Tobacco is a popular model plant in recombinant technology because of its well-established gene transfer and regeneration methodologies as well as the availability of many robust expression cassettes for the control of transgene expression [19]. However, the disadvantage of tobacco is that it is an allotetraploid and its genome is not yet fully sequenced. A large gene space sequence project was performed for tobacco (www.tobaccogenome.org) and the gene space reads have been deposited as individual unassembled reads at The National Center for Biotechnology Information http://www.ncbi.nlm.nih.gov/. This is an excellent resource but does not cover the entire genome. The tobacco cv. Bright Yellow-2 (BY-2) cell line is an important model system to study cell physiology, hormone signaling, cell cycle, cell growth and stress situations [20]. However, tobacco is still a mostly un-sequenced and relatively un-annotated plant system in which identification of the proteins and their interactions relies on cross-species identification based on homology and orthology [21].

In this paper, we extend MapMan ontology of sequenced dicot plants to generate a mapping data set for tobacco. The data set we have generated from this study will be a tool for scientists working on tobacco as their model plant by providing a MapMan ontology mapping file for tobacco, and homology comparisons between tobacco coding sequences and those of potato and Arabidopsis. In addition, we provide a method and the required computer codes to generate MapMan mapping files which may be adapted for other plant species where the complete genome is not yet available.

Methodology

Tobacco transcript sequences are from two sources: tobacco gene index 4 (NTGI4; ftp://occams.dfci.harvard.edu/pub/bio/tgi/data/Nicotiana_tabacum/; file name: Source files/NTGI.071508.fasta) and tobacco genomic survey sequences (A data set of 1,159,022 genomic survey sequences was downloaded from the TGI http://www.tobaccogenome.org/ in 2008. These genome survey sequences have subsequently been deposited at The National Center for Biotechnology Information http://www.ncbi.nlm.nih.gov/; file name: Source files/TGSS_expressed.fasta).
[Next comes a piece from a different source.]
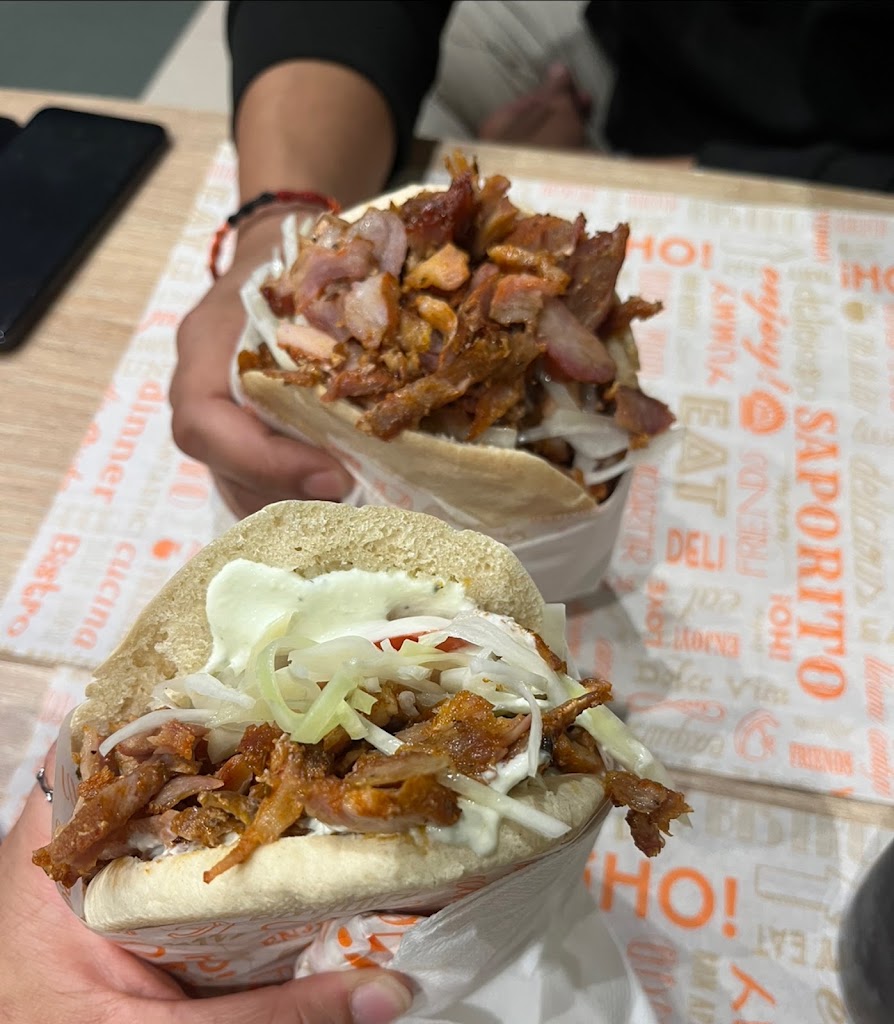 Gyros Pitta — Comida y bebida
Two mapping files from the MapMan Store (http://mapman.gabipd.org/web/guest/mapmanstore) were used: Arabidopsis Information Resource version 9 (TAIR9) to MapMan ontology (file name: Map files/Ath_AGI_TAIR9_Jan2010.txt), and genome release version 3.2 from Potato Genome Sequence Consortium to MapMan ontology (file name: Map files/Stub_PGSC_DM_v3.4.txt). In addition, potato DNA coding sequence (downloaded from http://potatogenomics.plantbiology.msu.edu/index.html; file name: Source files/potatoCDS.fasta) and TAIR9 coding sequence (ftp://ftp.arabidopsis.org/home/tair/Sequences/blast_datasets/TAIR9_blastsets/TAIR9_cds_20090619; file name: Source files/TAIR9CDS.fasta) were used to generate nucleotide BLAST database using a local installation of NCBI BLAST version 2.2.25+.

Both tobacco transcript sequence files were used as input files for nucleotide BLAST (blastn) and translated nucleotide BLAST (tblastx) against the potato DNA coding sequence and TAIR9 coding sequence. The XML file from blastn and tblastx were read using BioPython and hits with an expectation threshold of less than 1e-9 were saved as comma-delimited files for mapping onto MapMan ontology using the following Python script.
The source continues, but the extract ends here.